As you age in teaching, it’s easy to assume that what you know now will get you through, without the chore and more likely humiliation, of having to retrain. Imagine if you couldn’t cope and were found out!  I had this experience after retirement on the Polytech IT course when I struggled among a class of folk who had done very little academic work.  I got so frustrated by seeing far better ways to teach things, that were easier for us dummies to learn.  But again, nobody complained about the tutors or the organisation.

This hope of not having to update is also common with scientists, when faced with ever increasing numbers of published papers to read, with statistical techniques that we don’t understand and dare not take on trust.  We rarely bother to try and understand them, and are always reluctant to find somebody (younger) to explain them to us.  What would happen to our ego?

Many of us think that we don’t want any more technology, even if others say we need it, as we can’t handle what we’ve got already.  And making things work is frequently far too difficult, with manuals generally of little help beyond the ‘quick start’ page. And even that page needs reading about ten times.

When you have found out how to use something by trial and error, you then find that the manual or the ‘Dummies Guide’ is helpful.  The only hope is to get one-to-one help from someone still at school – while reminding them all the time to go slowly, and repeat things again – and again.  Or get help from the Internet.


Urgent actions needed to meet 2025 targets

Individual learning
People have differing learning abilities, and people in employment have different work and family responsibilities. Everyone in education knows this, so learners are going to learn better if they can have their individual needs met, provided they get help when needed to avoid getting discouraged.  Too much failure leads to frustration and puts learners off, especially if there’s a time limit on their learning.

Professor Sugata Mitra did some amazing research in deprived areas of India with his ‘hole in the wall experiment’, where nobody had ever gone to school and nobody would go to teach.  He stuck a computer in a wall down town like an ATM and left it, knowing that in no time kids would gather around and start pressing keys to see what appeared on the screen. He secretly observed what went on over a period of months.

The kids gathered in droves to press keys and help each other, and surprisingly nobody vandalised the machine.  So in no time they had learned how to work the computer and use it to find information.  Some had even learned English from it.  See link below.  It’s mind blowing.


So the message is that young folk will learn what they see a need for, and especially if learning has a strong element of fun and reward.  And they love learning from each other – helping, challenging and celebrating success in learning. The good news is that this is going on in an increasing number of New Zealand primary schools with full use of computers and other support equipment, and continuing up the system into higher learning. It’s an IT world already; so all schools need all the technology they need.    It shouldn’t depend on parents to provide this.
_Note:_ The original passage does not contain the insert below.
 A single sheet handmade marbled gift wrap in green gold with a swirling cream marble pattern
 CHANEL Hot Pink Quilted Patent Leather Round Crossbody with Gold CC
Young folk today are not afraid to make mistakes using computers, which is in direct contrast to the older generation who were brought up in an age of the teachers’ feared red pen, marking large crosses to show that you got it wrong - again.  It engendered fear of failure, and took all the fun out of learning.  Looking back on my school days, fear of failure and it’s consequences was sadly the main driver. 

So the obvious solution is to organise – or let learners organise themselves, joint sessions with friends, peers, mentors, employers, coaches, or anybody else they trust, to learn using the Internet what they see is needed to advance their Ag careers.  They could race through the material very quickly and keep moving on.